In her first solo exhibition in China, the Waanyi artist from Australia reflects on land, water and ancestral memory, mapping insidious ecological loss.

by Anushka SharmaPublished on : Jun 02, 2025

In the seaside community of Beidaihe, China, Aranya Art Center North presents the first museum solo exhibition of Australian Waanyi artist Judy Watson in China. On view from May 27 – November 23, 2025, the art exhibition spans large-scale paintings and video works produced between 2019 and 2023, including nine paintings, a video installation and a reinterpretation of a work she originally etched into the glass façade of the Musée du Quai Branly in Paris in 2006. The works draw deeply from Watson’s personal and cultural lineage, tracing interconnections between land, water, the body and ancestral knowledge. “This spatial and emotional context resonates strongly with Judy Watson’s ongoing practice of the relationship between bodies of water and ancestral land,” Gao Liangjiao, assistant curator and Wu Yiyang, associate curator at Aranya Art Center, told STIR. “Her works often draw from matrilineal memory, ancestral knowledge and collective histories—threads that echo the deep sense of bonding and shared awareness found within the Aranya community.”

Judy Watson's solo exhibition at Aranya Art Center North | Judy Watson | Aranya Art Centre | STIRworld
Judy Watson's solo exhibition at Aranya Art Center North Image: Sun Shi

Born in Mundubbera, Queensland, Watson is a descendant of the Waanyi people of northwest Queensland—whom she describes as ‘running water people’, owing to the prevalence of water bodies in the community. She works in painting, printmaking, video and installation, channelling matrilineal memory and archival research. She gives form to invisible narratives shaped by colonisation, displacement and environmental change through a process of staining, layering and mark-making, echoing layers of land and history. Watson’s visual language has evolved to be simultaneously lyrical and political, offering impactful meditations on memory, survival and the relationship between people and place.

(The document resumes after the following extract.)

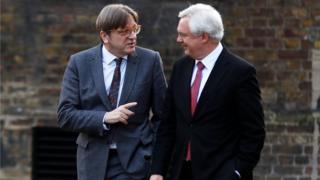 Guy Verhofstadt and David Davis walk up Downing Street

  • Installation views, Judy Watson, Aranya Art Center North | Judy Watson | Aranya Art Centre | STIRworld
    Installation view, Judy Watson, Aranya Art Center North Image: Sun Shi
  • standing stone, ochre net, spine, 2020, and standing stone, ashes to ashes, 2020, Judy Watson | Judy Watson | Aranya Art Centre | STIRworld
    standing stone, ochre net, spine, 2020, and standing stone, ashes to ashes, 2020, Judy Watson Image: Sun Shi

At Aranya, indigo and ochre dominate the colour palette of the Australian artist’s paintings; indigo serves as a repository of familial memory while ochre is reminiscent of the enduring ties between blood and earth. “In curating this exhibition, we selected pieces that reflect these interwoven connections between land, water, body and memory, with particular attention to rivers, freshwater sources and spiritual landscapes. By doing so, we hope to bring the cultural experiences of Australia’s Indigenous peoples into dialogue with a site like Aranya, where natural and human relationships are profoundly entangled,” the curators said.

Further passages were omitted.